We are now back on to the feverish debate about whether or not Donald Trump is mentally ill or suffering from the onset of dementia. The most important thing to know about this debate is that it simply doesn’t matter. Diagnoses are something for trained professionals and even they are challenged to make them without a proper in-person examination. But again, it doesn’t matter.
For public purposes, clinical diagnoses are only relevant as predictors of behavior. If the President has a cognitive deficiency or mental illness that might cause him to act in unpredictable or dangerous ways or simply be unable to do the job, we need to know. But my God, we do know! We see him acting in these ways every day – and not just in multiple news reports from an abundance of different news organizations. We see it with our own eyes: in his public actions, his public statements, his tweets. All the diagnosis of a mental illness could tell us is that Trump might be prone to act in ways that we literally see him acting in every day: impulsive, erratic, driven by petty aggressions and paranoia, showing poor impulsive control, an inability to moderate self-destructive behavior. He is frequently either frighteningly out of touch with reality or sufficiently pathological in his lying that it is impossible to tell. Both are very bad.
It is now widely believed that President Reagan showed early signs of his later Alzheimers diagnosis during the latter part of his presidency. How much or whether it affected his ability to carry out his duties is less clear. But that is a very different case. The kinds of subtle lapses in memory or cognition that might hint at such an affliction would be very difficult for the public to be aware of, especially if his staff is making efforts to conceal them. We don’t have that problem here.
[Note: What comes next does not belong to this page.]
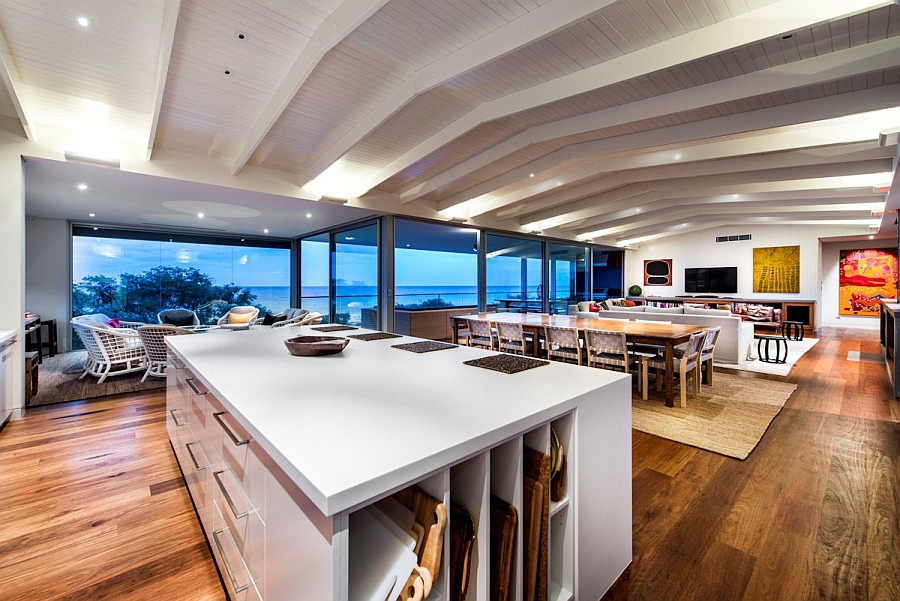 Vaulted ceiling and exposed wooden beams add to the beach style of the house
It is also important to understand the nature of mental health diagnoses. Neurological disorders and lapses of cognitive function are different and something I know less about. But a key element of most DSM-V diagnoses is the degree to which the behavior or affect impairs normal life functions. Can you hold down a job? Can you carry on healthy or functional relationships with other people? Can you sleep and take basic care of your health? This fact is important for a number of reasons. But it highlights an important fact: the nature of clinical diagnoses of mental illness are heavily informed by the need for and potential efficacy of treatment. The framework of these clinical definitions simply don’t line up well with the issues that are important to ask about public officials, which are more or less entirely about behavior.
One of the diagnoses you often hear tossed around, rightly or wrongly, is Narcissistic Personality Disorder (NPD), a Class B personality disorder. I think most psychologists and psychiatrists would tell you, privately if not publicly, that a number of Trump’s behaviors could (I stress, “could”) be explained by NPD. But that doesn’t tell us that much. Lots of symptoms and behaviors can be explained by many different diseases and disorders. Or no disorder or problem at all. That’s why you need a proper examination. (This applies of course to both somatic and mental illnesses.) Some shrinks may say they’ve seen enough to know; others would say, no, never without a full examination. Again, for our purposes, it doesn’t matter. If the entire psychiatric profession got together and examined Trump and pronounced him entirely free of any mental illness, his behavior wouldn’t be any less whacked or dangerous in a President.
That brings us back to the point. It’s really only the behavior that matters to us as citizens. A diagnosis would only be helpful to learn about behavior we don’t know about or predict future endangering behavior. Since we know about the behavior we’re talking about, none of that matters or applies. In common sense, every day rather than clinical language Trump is clearly unstable, erratic, impulsive. In a word, he’s nuts and not well. As citizens, we are entirely able and entitled to make these determinations. They are ordinary English language descriptors that the psychiatric profession doesn’t control and shouldn’t want to control. The entire debate over whether Trump is “mentally ill” is simply a diversion, premised on the idea that we need either permission or dictation to say he is not able to safely or competently fulfill the job of President. We don’t. The observed behavior is really all that is necessary and all that matters. It’s very clear.